Abstract

Preoperative chemoradiation may downstage locally advanced rectal cancer and, in some cases, with no residual tumor. The management of complete response is controversial and recent data suggest that radical surgery may be avoided in selected cases. Transanal excision of the scar may determine the rectal wall response to chemoradiation. This study was designed to assess whether the absence of tumor in the bowel wall corresponds to the absence of tumor in the mesorectum, known as true complete response. A retrospective review of the medical records of patients who underwent preoperative chemoradiation for advanced mid (6-11 cm from the anal verge) and low (from the dentate line to 5 cm from the anal verge) rectal cancer (uT2-uT3) followed by radical surgery with total mesorectal excision was undertaken.

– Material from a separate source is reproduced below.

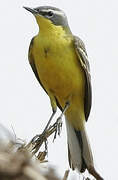 Western Yellow Wagtail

Patients in whom the pathology specimen showed no residual tumor in the rectal wall (yT0, "y" signifies pathologic staging in postradiation patients) were assessed for tumoral involvement of the mesorectum. A total of 109 patients underwent preoperative, high-dose radiation therapy (94 percent with 5-fluorouracil chemosensitization), followed by radical surgery for advanced rectal cancer. Preoperatively, 47 patients were clinically assessed to have potentially complete response. After radical rectal resection, pathology did not reveal any residual tumor within the rectal wall (yT0) in 17 patients. In two (12 percent) of these patients, the mesorectum was found to be positive for malignancy: one had positive lymph nodes that harbored cancer; one had tumor deposits in the mesorectal tissue. Compete rectal wall tumor eradication does not necessarily imply complete response, because the mesorectum may harbor tumor cells. Thus, caution should be exercised when considering the avoidance of radical surgery. Reliable imaging methods and clinical predictors for favorable outcome are important to allow less radical approaches in the future.